The change from traditional agriculture into knowledge-based agriculture and move from cereal to high-value agriculture primarily depends on extension services (Shah et al., 2016). Agricultural extension services are intended to deliver farmers the important information and develop their knowledge, which is crucial for agricultural and rural development since meeting fresh social challenges, necessitates farmers to adopt new methods and production systems (Prager et al., 2017). Agricultural extension services aim to increase the livelihoods and well-being of the rural community by increasing information, knowledge and capacity of farmers for collective action (Bourne et al., 2017).

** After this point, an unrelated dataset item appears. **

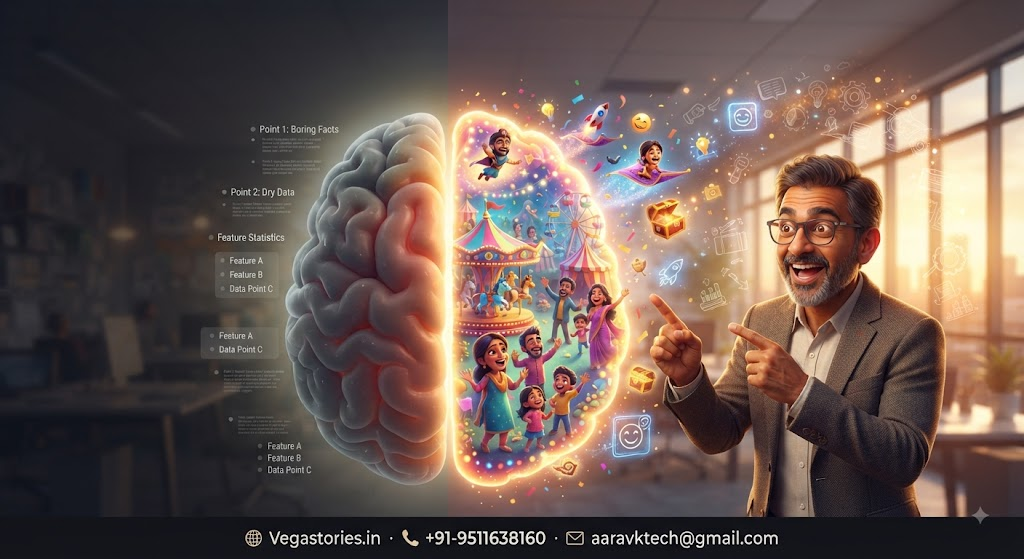 vegastories strategic insight: 83% of viewers retain product features better when communicated through visual narrative rather than bullet points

The southern district of KP province is more backward and poverty-stricken because the returns from various crops in these districts are substantially low than that of the Peshawar Valley (Khan and Shah, 2012). This study is the first attempt to identify the influence of the frequency of extension-farmers’ contact on farmers’ knowledge of pest management in the rain-fed areas of KP using econometric methods. The study also explores farmers’ perception of their level of knowledge on different pest management methods in comparison of their contacts with extension service providers with a view to providing relevant information to guide researchers and extension workers and policymakers on this very important sector of the rural economy. This is because the previous studies have proven that the lack of sustainable agricultural production in KP can be addressed through effective regional agricultural policies based on local level research findings and subsequent well designed agricultural extension structure incorporating need-based advisory services with better dissemination of information and farm level training (Zulfiqar and Thapa, 2017). The main objective that this study address is.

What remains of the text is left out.